> [What this task involves]: Only the text belongs in the copy. Transcribe the data exactly and drop any pictures.

----- Material for this task

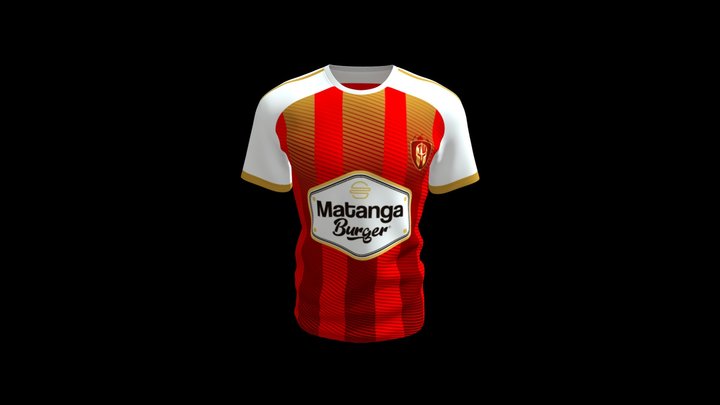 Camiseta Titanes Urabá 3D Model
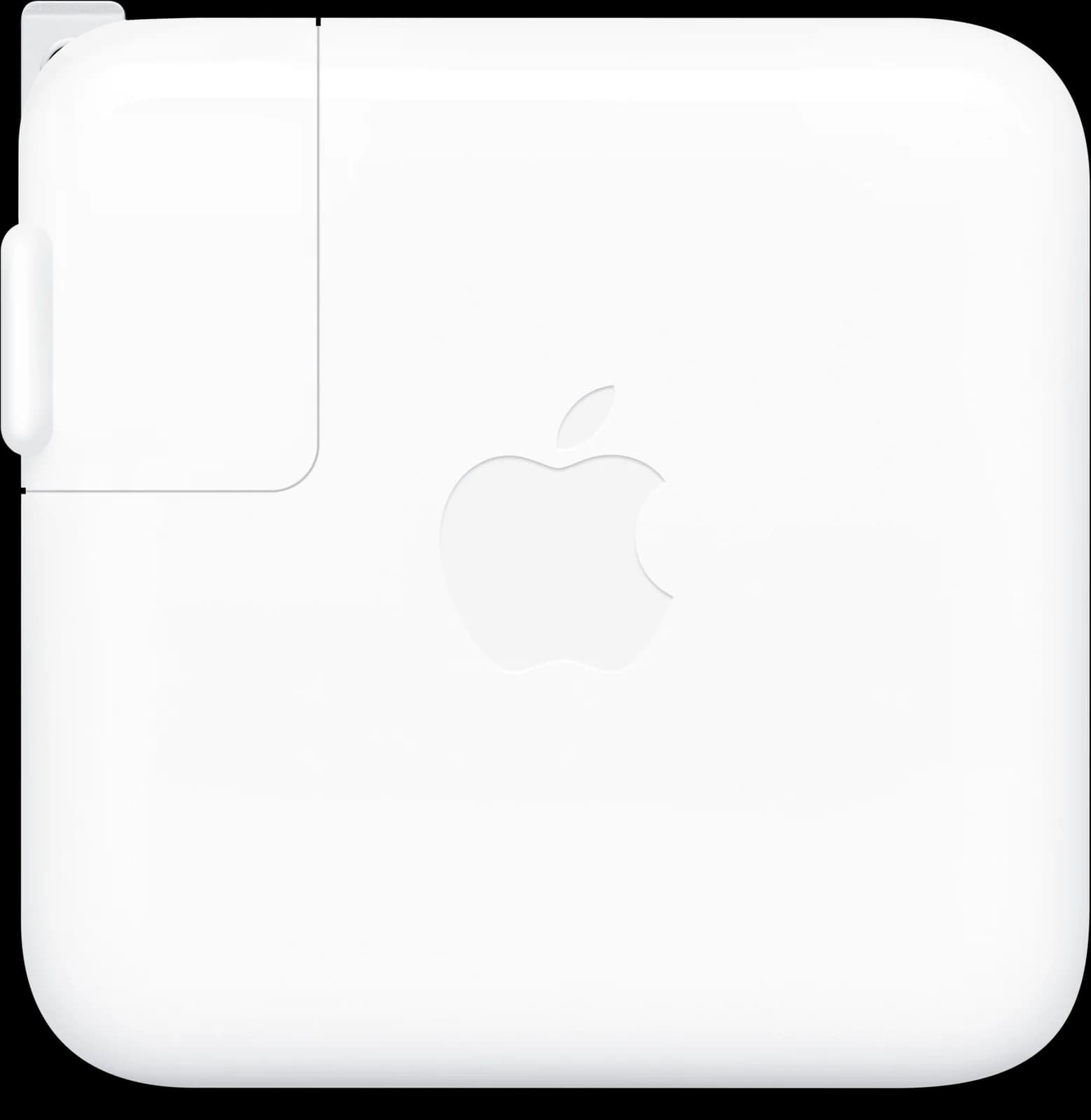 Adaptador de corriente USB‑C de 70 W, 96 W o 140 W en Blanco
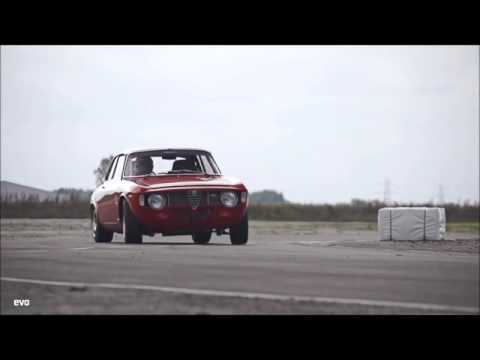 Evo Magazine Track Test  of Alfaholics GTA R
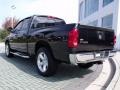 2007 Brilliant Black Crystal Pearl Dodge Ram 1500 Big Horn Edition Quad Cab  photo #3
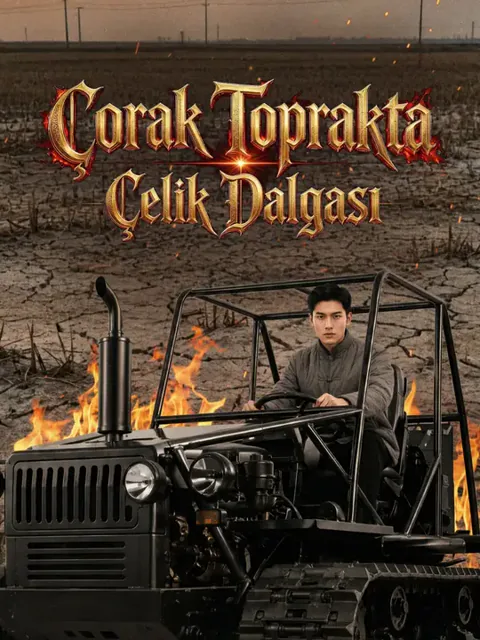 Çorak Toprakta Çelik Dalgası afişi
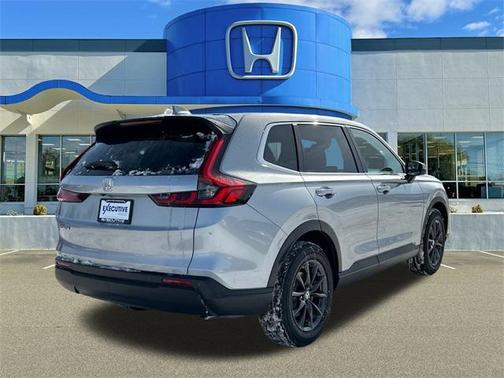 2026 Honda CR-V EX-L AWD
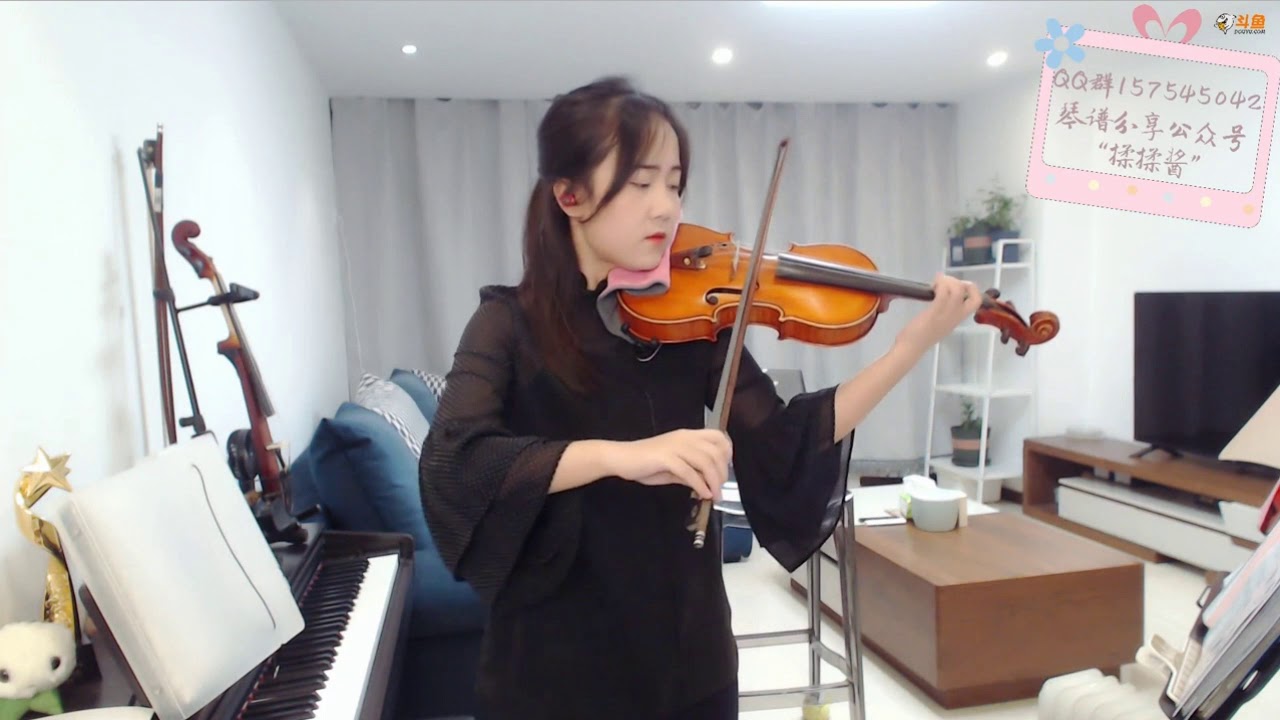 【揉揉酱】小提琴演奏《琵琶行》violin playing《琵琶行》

----------

> [Solution for this task]:
 Camiseta Titanes Urabá 3D Model
 Adaptador de corriente USB‑C de 70 W, 96 W o 140 W en Blanco
 Evo Magazine Track Test  of Alfaholics GTA R
 2007 Brilliant Black Crystal Pearl Dodge Ram 1500 Big Horn Edition Quad Cab  photo #3
 Çorak Toprakta Çelik Dalgası afişi
 2026 Honda CR-V EX-L AWD
 【揉揉酱】小提琴演奏《琵琶行》violin playing《琵琶行》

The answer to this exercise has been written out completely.